The way I see it, there are only two real reasons not to desire a great deal of variety. The first is because you're "playing it safe", and the second is because you're truly satisfied with very few things. I thought about the four creatures before the throne, calling out "holy, holy holy" day in and day out. They have monotony, but it's not because they're playing it safe, but because they're so taken by the glory of God, that they know nothing greater and more exciting than to exclaim praises to His name day in and day out.

I'm afraid that in my life, the majority of the time, when I go for something familiar, it is because I'm playing it safe. This isn't good. It's really difficult to screw up enchiladas. The Silver Comet trail is going to be the same in good weather when I ride it, and I know I can ride it for 80 miles at a time. Treadmills always go at the same speed, and my morning routine gives me comfort. The question I'm asking myself now is: why do I pursue Christ? Really. Why do I really pursue Christ?

I think I pursue Him because I am completely in love with Him, but there's always that little part of me that says I pursue Him because He's familiar. How can that be? Christ is so far removed from me. He's so different, and is so holy. How could he be familiar? I think it's probably sin that I feel this way, and yet, this is often how I feel. How could I possibly think of Him as familiar to me? When I begin to think of Him as familiar, I think it's because I'm not thinking of Him as being truly alive. My friend Matt often asks me "how real is God to you." Honestly, there are times when God is more real than the anything, but sometimes God seems like an old cracking canvas painting, or the cieling of the Sistine Chapel. He's two dimensional, and although he's reaching out so close, I can't quite bring myself to embrace Him. I'm not saying this is right, I'm just saying this is the way it is from time to time. Sometimes, I follow God out of duty and not out of love. There's a difference, though, between familiarity and comfortability. I hope we can be familiar without being comfortable.

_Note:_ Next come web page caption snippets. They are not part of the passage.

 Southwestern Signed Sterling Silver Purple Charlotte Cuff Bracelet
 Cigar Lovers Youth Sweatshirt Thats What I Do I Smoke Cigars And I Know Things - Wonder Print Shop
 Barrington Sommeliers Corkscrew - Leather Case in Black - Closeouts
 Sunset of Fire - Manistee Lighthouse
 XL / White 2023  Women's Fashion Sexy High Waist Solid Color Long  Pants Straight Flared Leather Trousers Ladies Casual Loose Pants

There's somewhat of a natural tension here between the familiar and the removed. Christ has come to Earth, as a man. He's immanent, but transcendant. He's removed from us, but so close at the same time. He loves us, and condescended to be with us, even to the point of washing His friends' feet, and yet, He is the Conqueror in Revelation. The Horseman on the white horse. He is so loving to those who love Him, and yet so violent to those who don't. He is our Lover, and He is God. He is Emmanuel. God with us. He's a Wonderful Counselor, Mighty God, Prince of Peace, the Holy One. He is the Lion of Judah, and the Lamb that was slain. He is the Creator. God, and He died for us, calling us His friends.

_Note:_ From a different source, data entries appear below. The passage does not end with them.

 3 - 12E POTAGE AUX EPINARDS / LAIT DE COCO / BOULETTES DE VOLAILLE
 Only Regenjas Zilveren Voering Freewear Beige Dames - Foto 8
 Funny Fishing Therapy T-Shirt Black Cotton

How can we ever be so comfortable in our familiarity? Thank God for His Son! For the death He died, that we might be able to approach God with confidence! May we be so enthralled with Him, that we can glory in the single-mindedness of our lives, keeping our eyes constantly fixed on Him. It's only in the glory of God, that we can truly seek and relish monotony. If there is one thing I do all of my days, I will praise God. Sing a new song to the King who never changes. May you rejoice all of your days in one God, one Savior, one Truth. There is only One! May you truly be satisfied in Him, and rejoice in the quiet glory of monotony!

01 March 2007

is he really holy to you?

Each of the four living creatures had six wings and was covered with eyes all around, even under his wings. Day and night they never stop saying: "Holy, holy, holy is the Lord God Almighty, who was, and is, and is to come."

-Revelation 4:8

Over the past week or so, I've been thinking alot about the book of Revelation. I was recently introduced to a teaching on the book that I haven't heard before, namely, that the book of Revelation is really seven loosely separated sections that all refer to the same thing. This idea is called progressive parallelism. There's more information at http://www.apocalipsis.org/rev-stru.htm section 6.1, but that's not my primary point. Regardless of what you believe about the book, all who believe it will no doubt be struck by the verse above. Let's look at this for a second.

The text says that these creatures, who are freakish by our standards, seeing as how they're covered with eyes everywhere, are constantly bowing down before the throne giving homage to God. Think about this. These creatures, of which we know no true parallel for on Earth, and are so different than anything else we've ever seen, are bowing down crying how holy our God is. Hebrew scholars will tell you that the triple-repetition of the word indicates the superlative importance of the text. To say something is holy is to say it is set apart, different and unique. If the word was only used once, then we would know that God is all of these things. Even if the word was used twice, we would know that he is holier than all other things. The fact that the word is used three times in succession indicates to us how different, set apart and unique God is.

To this, add the fact that these creatures do this day in and day out. They never stop saying it. They never sleep. They never take a few minutes to relax. They never go check their email or get coffee or ask each other how things are going. ("Hey, bug-eye eagle! How's life? How'd your date go the other night?") No. They are saying this day and night with no respect to the monotony of their actions. I don't know about you, but there is nothing I know of on earth that I don't occasionally get bored with. Nothing. No thing, no idea and no person. I can get bored of anything. (Please don't take this to mean that I quit loving people. I believe love is a decision, and where there is true love, once bored, you will not stay bored. That's another blog for another day.) The point is, that these creatures are never stopping. And they will never stop! Never! Day in and day out. Years upon decades upon centuries upon milleniums, they will always be saying this. Over and over and over and over and over and over and over and over and over again. Wow. I honestly think I would get bored. Hopefully you may begin to see my point here.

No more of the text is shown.